Выстрел в разряженном морозном воздухе прозвучал, как негромкий глухой хлопок. А следом за ним – и другой, через какую-то долю секунды. И тигрица, вздрогнув, присела на задние лапы, а потом, так и не разгибаясь, словно нехотя, завалилась на бок и, соскользнув, рухнула со скалы. Полетела вниз, сметая снег с карнизов, звучно шлепая всей своей массивной тушей по острым краям выступающих каменных уступов. Хотел уже отложить винтовку, чтобы глянуть в бинокль, да снова вздернулся, опять пристроил палец на спусковом крючке. Там же, ровно на том же самом месте, где еще мгновением раньше она стояла, на самой кромке заснеженной скальной кручи, словно чертик из табакерки, вырос самец! Выскочил и застыл, навис над обрывом, совершенно не шевелясь, пристально глядя куда-то вниз. И опять, опять – не в лад! Совсем не так, как надо бы! Опять, как и самка, башкой вперед! Но времени на размышления уже не оставалось, и он решился бить в голову, рискуя безвозвратно испортить долгожданный драгоценный трофей. И, матюгнувшись под нос, осторожно, по капочке, потянул на себя спусковую скобу. И показалось ему, что выстрел его второй вроде как эхом сдвоило. Вроде как дуплетом каким жахнуло...
* * *Свежевать, недолго думая, принялся с тигрицы. И тут на все про все полных два часа ушло. Вконец умаялся, ворочая с боку на бок тяжеленную тушу, пока догола ее не раздел. Дальше уже побыстрей дело пошло. Легонько потюкивая острым, как бритва, топориком, аккуратно отделил самое ценное – оставленные в шкуре, не порушенные голову и хвост. Вырезал сердце и печенку. Осторожно выбрал глаза. И больше пока решил ничего не трогать. За всем остальным все равно поутру на дровнях ехать. Сейчас хотя бы матрасню уволочь. Это наперед – главное. Надежно присыпал ободранную дичину снегом, часто натыкал сверху нарубленных пихтовых лап. И рядом всю без остатка сукровицу замел подчистую, а разом и всю свою топотню. Не мельтеша, покурил всласть, в удовольствие. И только потом, немало сокрушаясь – там-то еще и того поболе на успевшем пристынуть зверюге попотеть-то придется! – навострился идти к самцу.

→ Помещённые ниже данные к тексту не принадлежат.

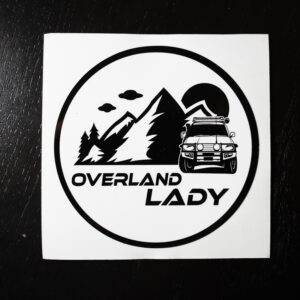 Overland Lady Round Logo Sticker (White)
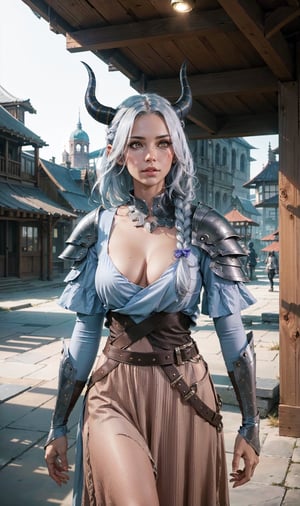1girl, beautiful shedrn, horns, medium breast, armored dress, cleavage, glowing yellow eyes, white hair, braid, grey skin, facial mark, fantasy town outdoors, athletic, volumetric lighting, best quality, masterpiece, realistic,dinda
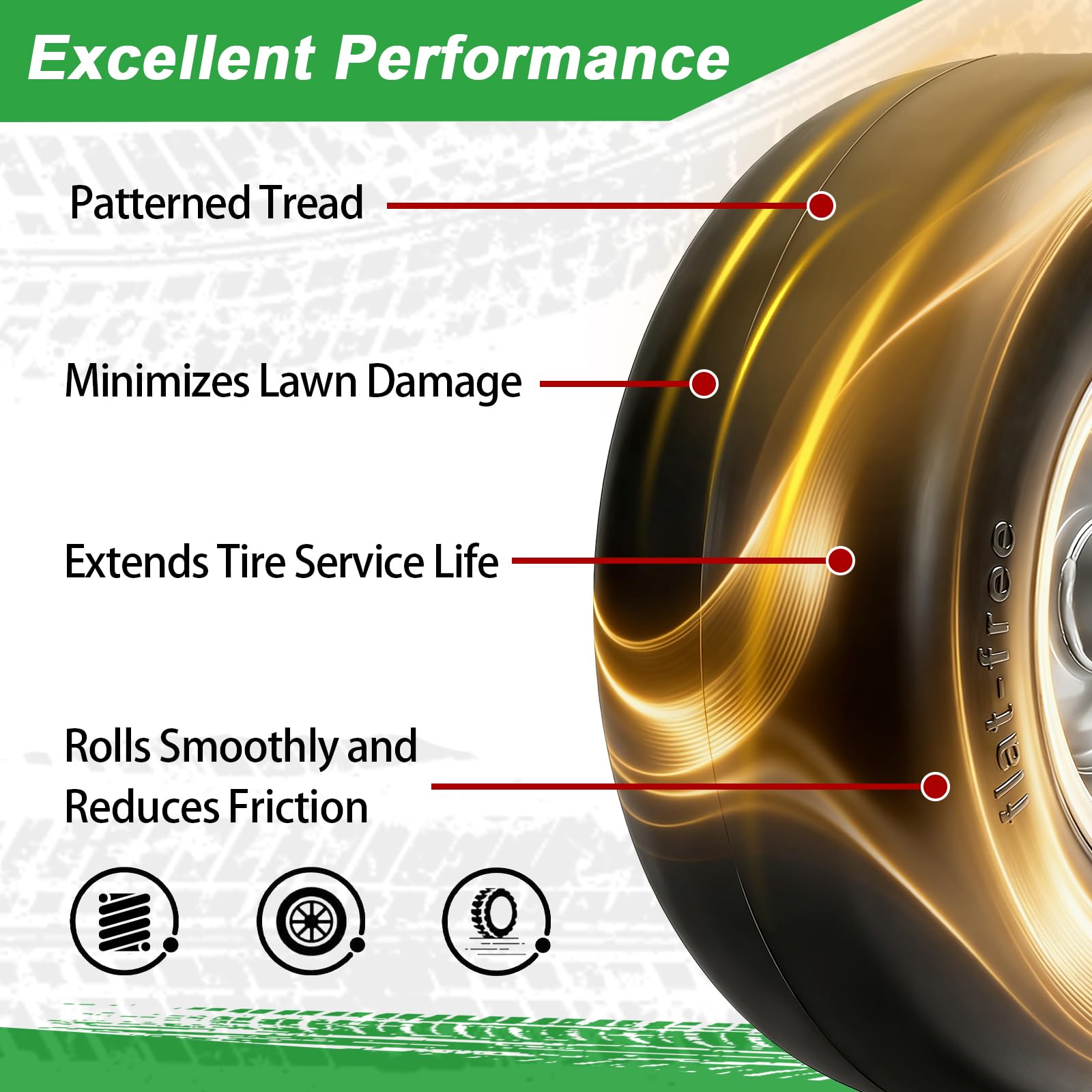 LTNICER close-up of polyurethane tread showing puncture-proof construction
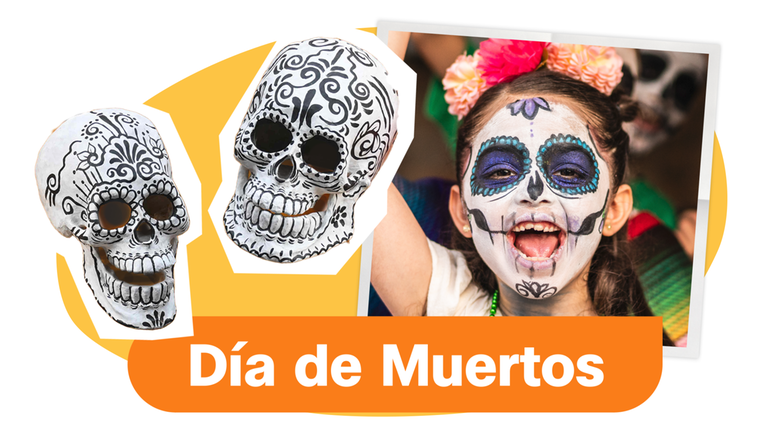 Auf dem Bild sind zwei bemalte Totenköpfe und ein wie ein Totenkopf geschminktes Mädchen zu sehen.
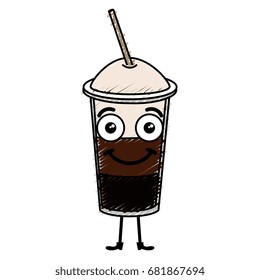 coffee shake with straw kawaii character
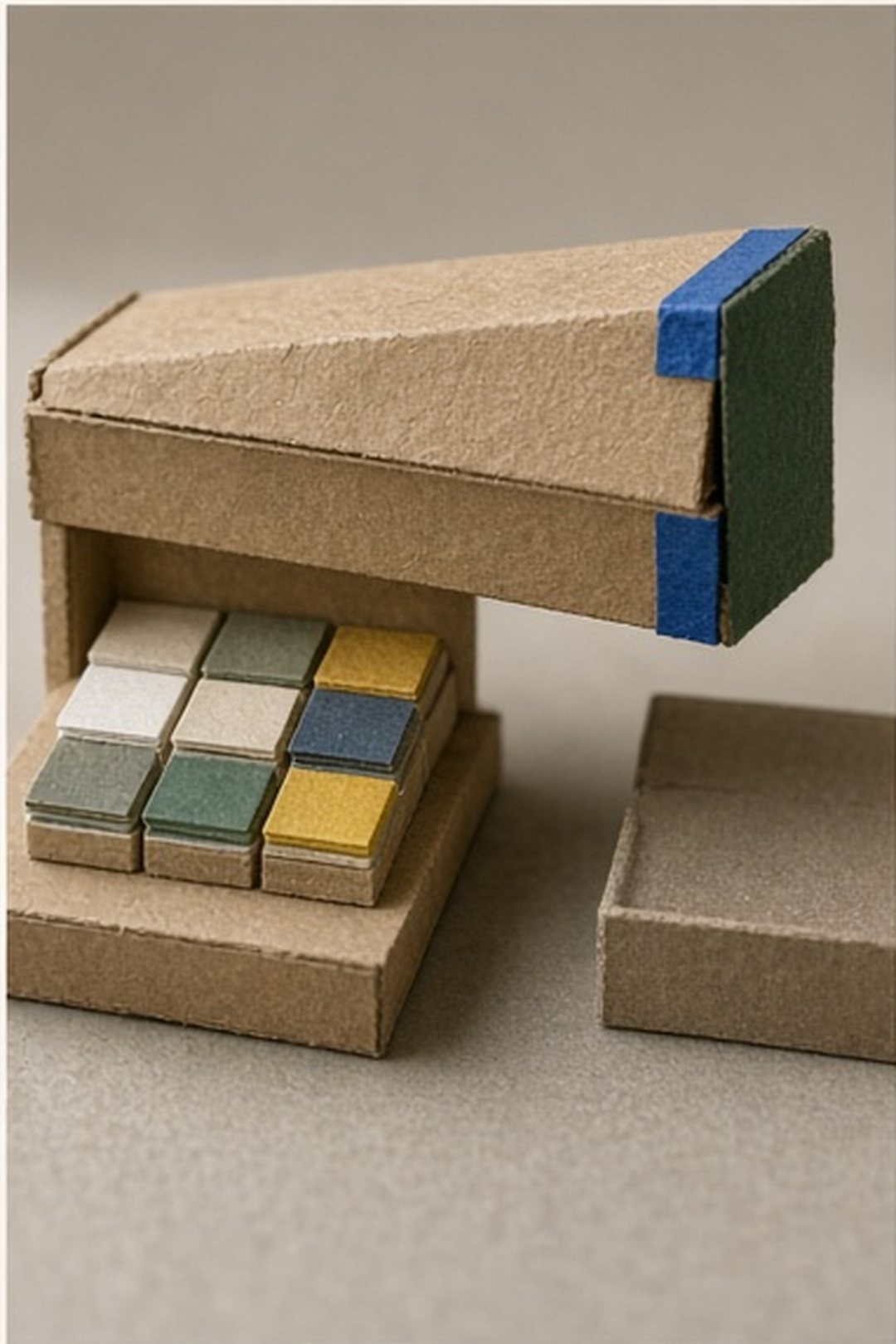 Closed cardboard transfer chute separating app pieces from outside systems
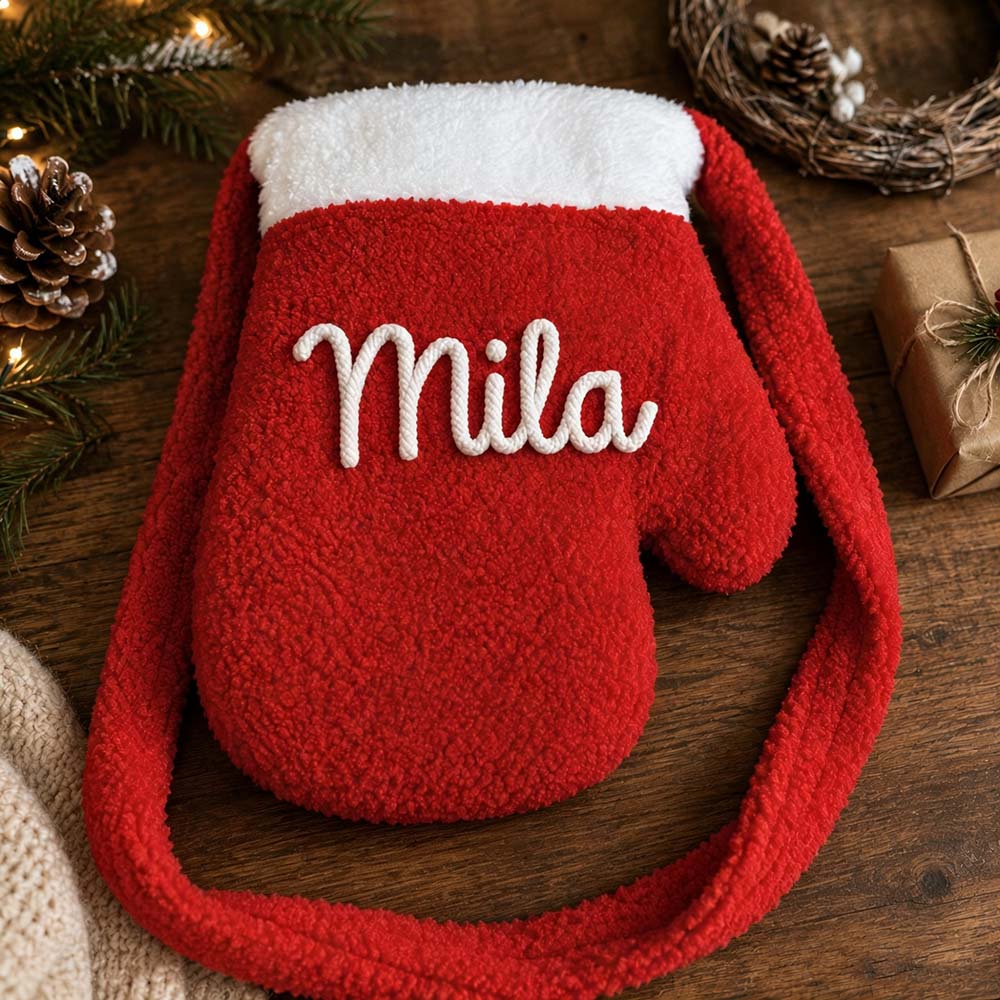 Personalized Hand Embroidered Kids Christmas Mitten Bag | MCGift387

Так и переклинило напрочь, когда неожиданно увидел, забравшись на кручу, что у его добычи возится какой-то обнаглевший хмырь! Аж в горле пересохло от подступившей злости! Хотел было тут же и завалить его на хрен, чтоб лишней мути не разводить, да почему-то вдруг не вышло. Как будто кто-то в самый последний момент за руку дернул, не дал походя на курок нажать.
Мужик, шаги за спиной услышав, быстро среагировал, метнулся к оружию.
– Не балуй, сучара! – упредил его окриком. – Не трожь винтарь! Не то мигом ухайдохаю!
Дошло до него, как было видно, сразу. Молча, не дергаясь, задрал корявки, не выпуская из правой окровавленный широченный голяк[61]. Медленно обернулся. Зыркнул исподлобья.
– Ну, что?.. Чего щеришься, как пес на мерзлое говно?.. Не ждал, поганец? – спросил, а в голове уже вертелось: «А ведь он же меня, пока я кошку-то оснимывал, отсюда, с верхотуры, все это время прекрасно видел!.. Я ж для него отсюда, как вша на плеши... А чего ж тогда не стрелял, скотина?.. Пожалел или убоялся?»